ACTIVITY -
Should any entry seem unclear, still set it down exactly as given, along with all the others.

*** RECORDS SHOWN ***

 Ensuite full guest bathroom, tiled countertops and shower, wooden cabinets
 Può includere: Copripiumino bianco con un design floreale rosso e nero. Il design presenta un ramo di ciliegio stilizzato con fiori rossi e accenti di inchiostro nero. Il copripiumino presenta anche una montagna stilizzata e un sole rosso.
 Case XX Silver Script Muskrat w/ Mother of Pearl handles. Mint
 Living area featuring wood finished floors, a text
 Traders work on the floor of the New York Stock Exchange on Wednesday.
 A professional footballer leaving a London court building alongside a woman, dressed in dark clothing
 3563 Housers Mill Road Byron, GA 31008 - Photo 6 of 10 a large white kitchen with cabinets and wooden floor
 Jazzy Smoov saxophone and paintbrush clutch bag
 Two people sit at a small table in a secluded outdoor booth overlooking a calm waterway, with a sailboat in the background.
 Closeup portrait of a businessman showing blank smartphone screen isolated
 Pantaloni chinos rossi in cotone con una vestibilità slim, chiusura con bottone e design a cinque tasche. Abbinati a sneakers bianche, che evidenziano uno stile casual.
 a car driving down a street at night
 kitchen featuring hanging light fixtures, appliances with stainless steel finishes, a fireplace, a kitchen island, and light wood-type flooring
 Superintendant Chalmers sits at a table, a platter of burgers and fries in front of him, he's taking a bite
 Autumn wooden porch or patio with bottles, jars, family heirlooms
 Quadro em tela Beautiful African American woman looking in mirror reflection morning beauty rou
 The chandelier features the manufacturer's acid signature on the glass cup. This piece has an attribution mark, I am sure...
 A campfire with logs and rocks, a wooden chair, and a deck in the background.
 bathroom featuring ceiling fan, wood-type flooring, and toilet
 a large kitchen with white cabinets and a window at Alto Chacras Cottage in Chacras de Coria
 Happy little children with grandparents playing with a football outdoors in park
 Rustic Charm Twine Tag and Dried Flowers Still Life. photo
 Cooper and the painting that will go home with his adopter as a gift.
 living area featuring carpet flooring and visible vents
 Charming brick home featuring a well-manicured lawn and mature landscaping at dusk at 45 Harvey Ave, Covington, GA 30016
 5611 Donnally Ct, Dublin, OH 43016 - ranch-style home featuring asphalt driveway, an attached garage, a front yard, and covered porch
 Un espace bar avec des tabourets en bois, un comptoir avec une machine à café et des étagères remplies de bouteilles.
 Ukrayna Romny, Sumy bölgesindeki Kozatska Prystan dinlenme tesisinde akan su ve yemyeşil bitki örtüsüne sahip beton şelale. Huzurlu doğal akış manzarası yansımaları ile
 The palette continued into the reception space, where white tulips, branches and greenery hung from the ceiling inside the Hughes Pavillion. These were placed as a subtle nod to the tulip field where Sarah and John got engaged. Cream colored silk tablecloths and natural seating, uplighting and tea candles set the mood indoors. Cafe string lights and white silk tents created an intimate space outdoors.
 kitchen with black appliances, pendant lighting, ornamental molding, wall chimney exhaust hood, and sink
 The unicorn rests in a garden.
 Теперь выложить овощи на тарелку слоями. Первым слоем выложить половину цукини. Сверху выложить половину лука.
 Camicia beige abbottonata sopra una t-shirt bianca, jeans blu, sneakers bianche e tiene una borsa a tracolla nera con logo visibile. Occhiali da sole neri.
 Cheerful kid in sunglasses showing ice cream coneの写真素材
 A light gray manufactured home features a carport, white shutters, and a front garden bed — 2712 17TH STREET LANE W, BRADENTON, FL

*** End of RECORDS SHOWN ***

SOLUTION FOR THIS EXERCISE -
 Ensuite full guest bathroom, tiled countertops and shower, wooden cabinets
 Può includere: Copripiumino bianco con un design floreale rosso e nero. Il design presenta un ramo di ciliegio stilizzato con fiori rossi e accenti di inchiostro nero. Il copripiumino presenta anche una montagna stilizzata e un sole rosso.
 Case XX Silver Script Muskrat w/ Mother of Pearl handles. Mint
 Living area featuring wood finished floors, a text
 Traders work on the floor of the New York Stock Exchange on Wednesday.
 A professional footballer leaving a London court building alongside a woman, dressed in dark clothing
 3563 Housers Mill Road Byron, GA 31008 - Photo 6 of 10 a large white kitchen with cabinets and wooden floor
 Jazzy Smoov saxophone and paintbrush clutch bag
 Two people sit at a small table in a secluded outdoor booth overlooking a calm waterway, with a sailboat in the background.
 Closeup portrait of a businessman showing blank smartphone screen isolated
 Pantaloni chinos rossi in cotone con una vestibilità slim, chiusura con bottone e design a cinque tasche. Abbinati a sneakers bianche, che evidenziano uno stile casual.
 a car driving down a street at night
 kitchen featuring hanging light fixtures, appliances with stainless steel finishes, a fireplace, a kitchen island, and light wood-type flooring
 Superintendant Chalmers sits at a table, a platter of burgers and fries in front of him, he's taking a bite
 Autumn wooden porch or patio with bottles, jars, family heirlooms
 Quadro em tela Beautiful African American woman looking in mirror reflection morning beauty rou
 The chandelier features the manufacturer's acid signature on the glass cup. This piece has an attribution mark, I am sure...
 A campfire with logs and rocks, a wooden chair, and a deck in the background.
 bathroom featuring ceiling fan, wood-type flooring, and toilet
 a large kitchen with white cabinets and a window at Alto Chacras Cottage in Chacras de Coria
 Happy little children with grandparents playing with a football outdoors in park
 Rustic Charm Twine Tag and Dried Flowers Still Life. photo
 Cooper and the painting that will go home with his adopter as a gift.
 living area featuring carpet flooring and visible vents
 Charming brick home featuring a well-manicured lawn and mature landscaping at dusk at 45 Harvey Ave, Covington, GA 30016
 5611 Donnally Ct, Dublin, OH 43016 - ranch-style home featuring asphalt driveway, an attached garage, a front yard, and covered porch
 Un espace bar avec des tabourets en bois, un comptoir avec une machine à café et des étagères remplies de bouteilles.
 Ukrayna Romny, Sumy bölgesindeki Kozatska Prystan dinlenme tesisinde akan su ve yemyeşil bitki örtüsüne sahip beton şelale. Huzurlu doğal akış manzarası yansımaları ile
 The palette continued into the reception space, where white tulips, branches and greenery hung from the ceiling inside the Hughes Pavillion. These were placed as a subtle nod to the tulip field where Sarah and John got engaged. Cream colored silk tablecloths and natural seating, uplighting and tea candles set the mood indoors. Cafe string lights and white silk tents created an intimate space outdoors.
 kitchen with black appliances, pendant lighting, ornamental molding, wall chimney exhaust hood, and sink
 The unicorn rests in a garden.
 Теперь выложить овощи на тарелку слоями. Первым слоем выложить половину цукини. Сверху выложить половину лука.
 Camicia beige abbottonata sopra una t-shirt bianca, jeans blu, sneakers bianche e tiene una borsa a tracolla nera con logo visibile. Occhiali da sole neri.
 Cheerful kid in sunglasses showing ice cream coneの写真素材
 A light gray manufactured home features a carport, white shutters, and a front garden bed — 2712 17TH STREET LANE W, BRADENTON, FL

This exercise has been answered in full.